Im Interview spricht BVB-Keeper Roman Weidenfeller vor dem Spiel in Russland mit bundesliga.de über die angebliche Krise der Schwarz-Gelben, den kommenden Champions-League-Gegner Zenit St. Petersburg und das Klima vor Ort. Außerdem spricht er über den Abschied von Robert Lewandowski im Sommer, die Fußball-WM und das moderne Torwartspiel.

bundesliga.deHerr Weidenfeller, nachder Niederlage vom Wochenende beim Hamburger SV geht es schon am Dienstag für den BVB weiter. In der Champions League steht das Achtelfinal-Hinspiel bei Zenit St. Petersburg an. Wie sehr ärgert es Sie, dass eine mit Stars wie Witsel, Hulk oder Arshavin gespickte Mannschaft klein geredet wird?

Weidenfeller: Zenit St. Petersburg mag vom Klang her eine andere Bedeutung haben als Barcelona, Manchester City oder etwa Paris Saint-Germain. Jeder, der sich aber ein wenig näher mit der Materie beschäftigt, weiß, dass Zenit durchaus eine Menge zu bieten hat. Sie haben die Namen einiger Stars bereits genannt. Das sind allesamt Spieler mit Top-Qualität, die uns alles abverlangen werden. Und dazu kommt möglicherweise noch die Kälte...

bundesliga.de: Aktuell liegt der Unterschied zu Dortmund nur bei drei, vier Grad...

Weidenfeller: Ist mir aber immer noch zu kalt, ich halte von Kälte nicht so viel (lacht). Vor kurzem waren es allerdings noch minus 19 Grad in St. Petersburg. Da wären Temperaturen um den Gefrierpunkt tatsächlich schon ein deutlicher Fortschritt. Aber wie auch immer - wir nehmen es wie es kommt und sind für jedes Wetter gut vorbereitet.

bundesliga.de: Wie stellt man sich auf einen Stürmer wie Hulk ein. Schaut man sich im Vorfeld Videos an?
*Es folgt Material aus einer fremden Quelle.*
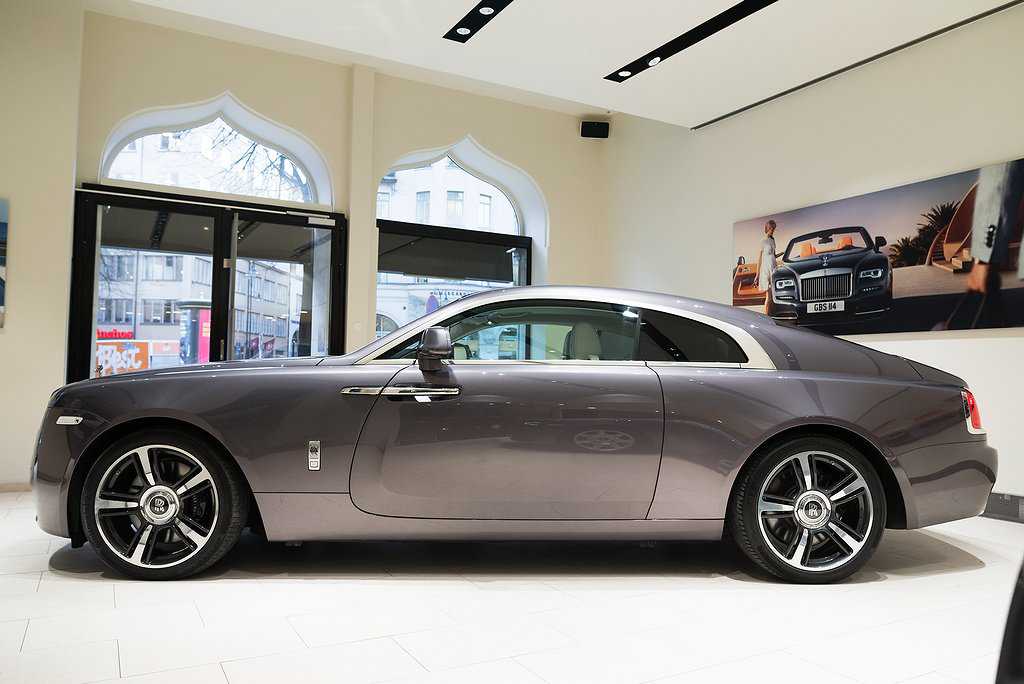Rolls-Royce Wraith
Weidenfeller: Angesichts des Drei-Tage-Rhythmus’, in dem wir uns bewegen, besteht die Schwierigkeit darin, sich innerhalb weniger Stunden immer wieder auf einen neuen Gegner einstellen zu müssen. Gerade ist es der HSV, mit dem man sich beschäftigt hat, und schon ein paar Stunden später muss die ganze Konzentration dem kommenden Gegner, in diesem Fall Zenit, gelten. Das ist nicht immer einfach. Aber selbstverständlich werden wir uns in den wenigen Tagen vor dem Duell gegen Zenit auch Videos von der Spielweise der Russen ansehen.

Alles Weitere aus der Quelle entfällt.